(RECORDS SUPPLIED Opens)

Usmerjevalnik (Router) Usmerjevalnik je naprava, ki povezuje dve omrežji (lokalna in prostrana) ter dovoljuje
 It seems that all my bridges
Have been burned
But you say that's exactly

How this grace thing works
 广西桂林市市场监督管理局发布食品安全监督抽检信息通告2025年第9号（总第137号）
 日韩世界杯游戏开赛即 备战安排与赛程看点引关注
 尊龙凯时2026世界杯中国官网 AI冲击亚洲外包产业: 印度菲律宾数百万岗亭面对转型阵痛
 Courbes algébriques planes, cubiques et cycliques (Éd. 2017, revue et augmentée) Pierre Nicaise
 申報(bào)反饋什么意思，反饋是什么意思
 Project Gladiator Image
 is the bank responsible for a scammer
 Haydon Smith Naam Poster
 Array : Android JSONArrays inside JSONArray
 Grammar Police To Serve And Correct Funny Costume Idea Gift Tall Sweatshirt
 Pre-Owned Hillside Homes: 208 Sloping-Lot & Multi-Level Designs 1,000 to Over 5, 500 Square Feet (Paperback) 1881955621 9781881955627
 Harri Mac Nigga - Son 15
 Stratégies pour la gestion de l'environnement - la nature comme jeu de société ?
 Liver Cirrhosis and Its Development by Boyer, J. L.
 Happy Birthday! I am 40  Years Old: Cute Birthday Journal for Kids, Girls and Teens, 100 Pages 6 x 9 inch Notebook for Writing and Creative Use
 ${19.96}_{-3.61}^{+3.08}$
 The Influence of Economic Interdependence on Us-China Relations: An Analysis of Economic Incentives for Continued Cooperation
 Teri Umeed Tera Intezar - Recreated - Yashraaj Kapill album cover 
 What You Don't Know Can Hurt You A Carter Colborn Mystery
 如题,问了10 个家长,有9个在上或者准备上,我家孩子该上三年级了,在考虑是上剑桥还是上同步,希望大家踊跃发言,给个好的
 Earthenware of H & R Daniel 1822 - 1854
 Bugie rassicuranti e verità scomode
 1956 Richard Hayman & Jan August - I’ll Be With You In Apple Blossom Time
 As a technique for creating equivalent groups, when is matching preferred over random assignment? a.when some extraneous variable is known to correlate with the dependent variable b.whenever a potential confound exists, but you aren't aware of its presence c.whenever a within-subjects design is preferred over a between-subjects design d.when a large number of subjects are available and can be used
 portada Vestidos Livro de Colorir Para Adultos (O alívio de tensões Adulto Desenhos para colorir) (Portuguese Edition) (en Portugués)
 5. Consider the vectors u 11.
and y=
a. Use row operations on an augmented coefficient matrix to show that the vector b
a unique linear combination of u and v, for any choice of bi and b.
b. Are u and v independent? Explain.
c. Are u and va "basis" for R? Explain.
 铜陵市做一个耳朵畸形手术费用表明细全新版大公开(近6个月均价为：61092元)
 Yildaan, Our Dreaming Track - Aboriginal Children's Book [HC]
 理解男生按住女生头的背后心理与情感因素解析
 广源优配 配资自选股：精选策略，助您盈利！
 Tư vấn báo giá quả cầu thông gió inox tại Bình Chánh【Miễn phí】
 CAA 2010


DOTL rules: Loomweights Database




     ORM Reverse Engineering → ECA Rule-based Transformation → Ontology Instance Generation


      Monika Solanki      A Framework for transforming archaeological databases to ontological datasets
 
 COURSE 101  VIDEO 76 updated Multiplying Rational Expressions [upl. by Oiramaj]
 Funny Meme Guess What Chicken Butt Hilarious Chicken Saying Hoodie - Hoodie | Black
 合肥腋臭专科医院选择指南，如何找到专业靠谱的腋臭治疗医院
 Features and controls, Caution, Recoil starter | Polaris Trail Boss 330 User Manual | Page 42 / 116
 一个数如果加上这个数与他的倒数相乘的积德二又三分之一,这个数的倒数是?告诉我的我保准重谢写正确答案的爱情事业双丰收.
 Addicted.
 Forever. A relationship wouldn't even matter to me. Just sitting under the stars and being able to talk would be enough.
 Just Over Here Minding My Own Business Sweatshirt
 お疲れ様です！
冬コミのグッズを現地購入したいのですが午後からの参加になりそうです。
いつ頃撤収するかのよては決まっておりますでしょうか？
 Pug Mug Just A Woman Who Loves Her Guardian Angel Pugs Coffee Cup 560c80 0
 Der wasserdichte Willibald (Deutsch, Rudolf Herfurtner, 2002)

(RECORDS SUPPLIED Closes)

ASSIGNED TASK:
Check each line in the records above for the word "Explain". Return those that have it.

EXERCISE OUTPUT:
b. Are u and v independent? Explain.
c. Are u and va "basis" for R? Explain.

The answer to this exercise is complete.